In 1919, following the death of his father in an automobile accident, Hilton returned from the army. He left for Cisco, Texas looking to buy an interest in a bank. When the slow pace of negotiations forced him to stay overnight he found all the hotels in town overbooked. Instead of a bank Hilton wound up making a deal for a hotel, the 40-room Mobley Hotel.

It didn’t take Hilton long to become a hotel man. He surveyed every inch of The Mobley to eliminate non-revenue generating space. He sawed the front desk in half and added a shop; he ripped out the dining room a nd spaced it off into bedrooms; he rented his own bed and slept on a leather chair in his office.

A few months later he purchased the Melba in Fort Worth, and in 1920 he added the 140-room Waldorf in Dallas. In 1925 Hilton committed himself to building a million-dollar hotel in Dallas, the first hotel to carry his name.
When the Depression hit Hilton controlled eight hotels. It was too much.

In 1931 Hilton defaulted on a $300,000 loan.
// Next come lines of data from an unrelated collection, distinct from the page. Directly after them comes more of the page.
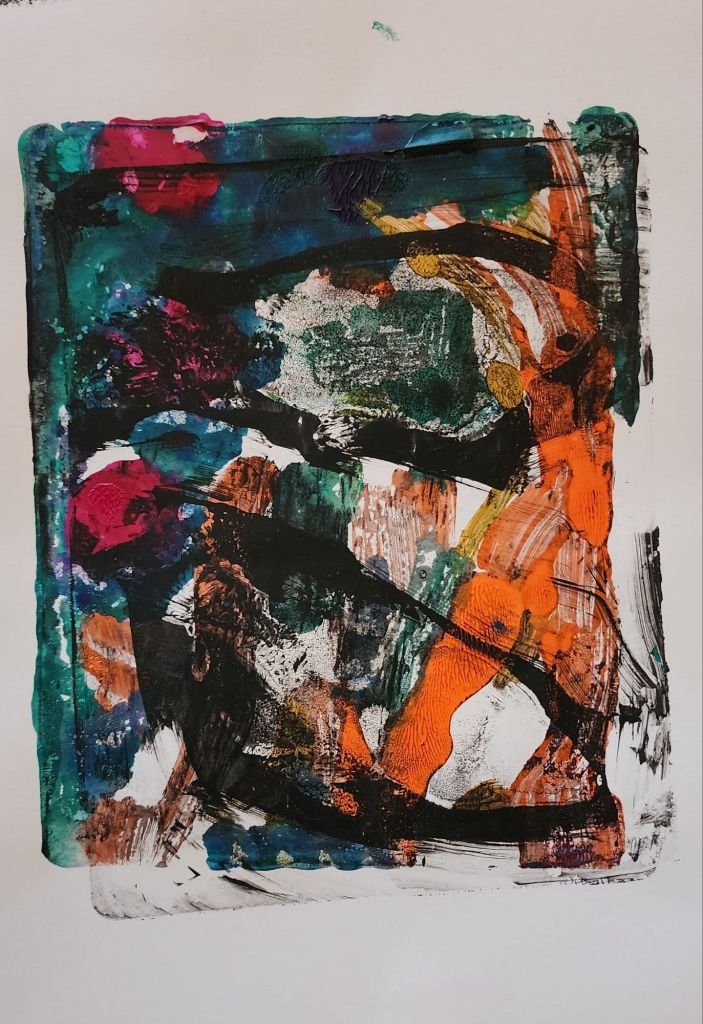 a colorful abstract monoprint with a lot of orange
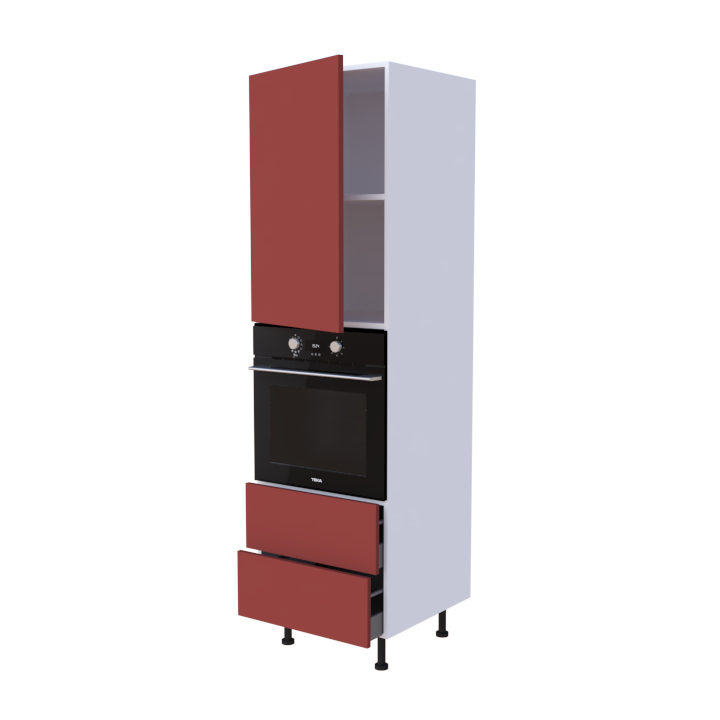 Colonne 1 placard + 2 tiroirs + four L60 x H200 x P58 - Rouge Pompéi Mat - meuble livré monté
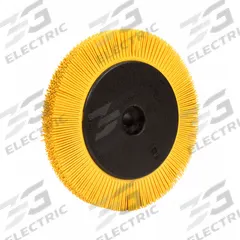 SCOTCH-BRITE Radial Bristle Brush: Type S, 8 in Dia x 1 in Wd, 1 1/4 in Arbor, Ceramic, Yellow, 2 PK (MPN 00048011330822). Key specifications — Brand: SCOTCH-BRITE.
His creditors hired him to manage his lost hotels but it was a turbulent business marriage. Nine months
later the business arrangement disintegrated into legal matters. Hilton eventually emerged from the Depression with five of his eight hotels; by 1937 he was free of debt.

Hilton began in earnest to take advantage of depressed hotel properties.
In the next few years he took control of the Sir Francis Drake in San Francisco,
the Town House in Los Angeles, the Roosevelt and Plaza in New York and the Stevens and Palmer House in Chicago. In 1946 the Hilton Hotels Corporation was formed, the first hotel company to have its stock listed on the New York Stock Exchange.

Hilton cherished tradition. With each of these great houses he recognized an obligation to retain the atmosphere and individuality which gave it its prestige.
In 1949 he realized a life-long dream with the purchase of the Waldorf-Astoria in New York, America’s greatest hotel. In 1954 Hilton executed the largest hotel merger in history, purchasing the Statler hotel chain for $111,000,000.
Hilton clinched the deal by pleading with the widow Statler to keep the great
hotels in “the hands of hotel people.”

Hilton turned the presidency of Hilton Hotels over to his son, Barron, in 1966. The next year Barron Hilton persuaded his father to swap his Hilton International stock for TWA stock. The stock plummeted by half in the next 18 months and the 80-year old Hilton lost the rights to his name overseas.

Conrad Hilton became the world’s premier hotelier by acquiring America’s most prestigious hotels. Only a handful ever carried his name. He assiduously avoided resort hotels and eschewed gambling houses. But under his son the Hilton name was franchised and the Las Vegas Hilton and Flamingo Hilton were purchased. When Conrad Hilton died in 1979 at the age of 91 the hotel-casinos were responsible for nearly 40¢ of every $1.00 Hilton profit. The business he had built proudly on the grandest hotel rooms in the world was being supported by roulette wheels and blackjack tables.